Wednesday, 26 January 2011
Steven J. Weiss, NOAA/NWS/NCEP/SPC, Norman, OK; and A. J. Clark, I. L. Jirak, C. J. Melick, C. W. Siewert, R. Sobash, P. T. Marsh, A. R. Dean, M. Xue, F. Kong, K. W. Thomas, J. Du, R. S. Schneider, J. S. Kain, and M. C. Coniglio

The NOAA Hazardous Weather Testbed, organized by the Storm Prediction Center (SPC) and National Severe Storms Laboratory (NSSL) to test and evaluate emerging scientific concepts and technologies for improved analysis and prediction of hazardous mesoscale weather, conducted the 2010 Spring Forecasting Experiment from May 17 through June 18. The experiment focused on application of cutting edge numerical weather prediction systems from a number of modeling centers (NSSL, CAPS, EMC, NCAR, GSD) run at 1-4 km grid length over CONUS domains to address high impact convective weather forecasting challenges, including severe thunderstorms producing tornadoes, large hail, and damaging winds, along with QPF/heavy rain and aviation impacts.
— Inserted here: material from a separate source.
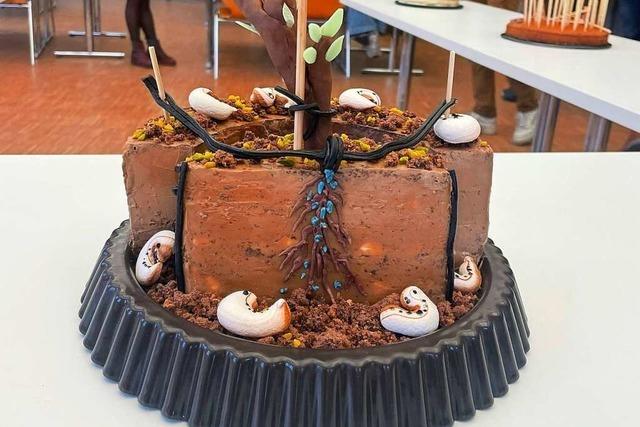 An der Uni Freiburg haben Studierende ihre Doktorarbeiten als Kuchen gebacken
This paper provides details of experimental forecasting and evaluation activities within the severe convective storm component of the HWT; companion papers submitted to the conference provide an overview of the HWT, details of the QPF/heavy rain and aviation impacts components, aspects of experimental models including the CAPS 26 member Storm Scale Ensemble Forecast System (SSEF), and objective verification methods developed for the HWT.
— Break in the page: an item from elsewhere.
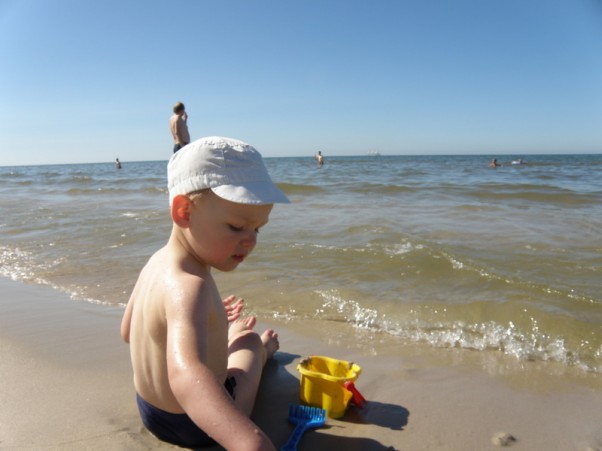 Zdjęcie zgłoszone na konkurs eBobas.pl Siedzę dziś na piasku, wśród innych golasków.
Experimental activities were designed to test the utility of unique convective storm output fields (such as simulated reflectivity, updraft helicity and speed, vertically integrated graupel, and surface wind speed) from various deterministic models and the SSEF in a simulated operational forecasting environment. This was accomplished through the issuance of daily real time probabilistic severe weather forecasts valid for late afternoon and evening time periods, and next day subjective evaluations. “Preliminary” forecasts were issued in the morning utilizing guidance from 00 UTC experimental models including probabilistic guidance from the SSEF, supplemented by operational model guidance and observational data. A “final” updated forecast was issued by mid-afternoon incorporating later model runs (especially the hourly High Resolution Rapid Refresh – HRRR) and observational data.

A number of focused evaluation tasks were designed to help identify specific sensitivities of model performance, such as the impact of radar and other data assimilation on convective forecasts, and model storm sensitivity to horizontal resolution and microphysics parameterizations, and to assess the utility of various statistical processing approaches and creation of probabilistic storm guidance from the SSEF. Descriptions of the daily severe storm experimental forecasting and evaluation activities are presented, including findings on model performance and potential value of experimental guidance products to operational severe storm forecasting.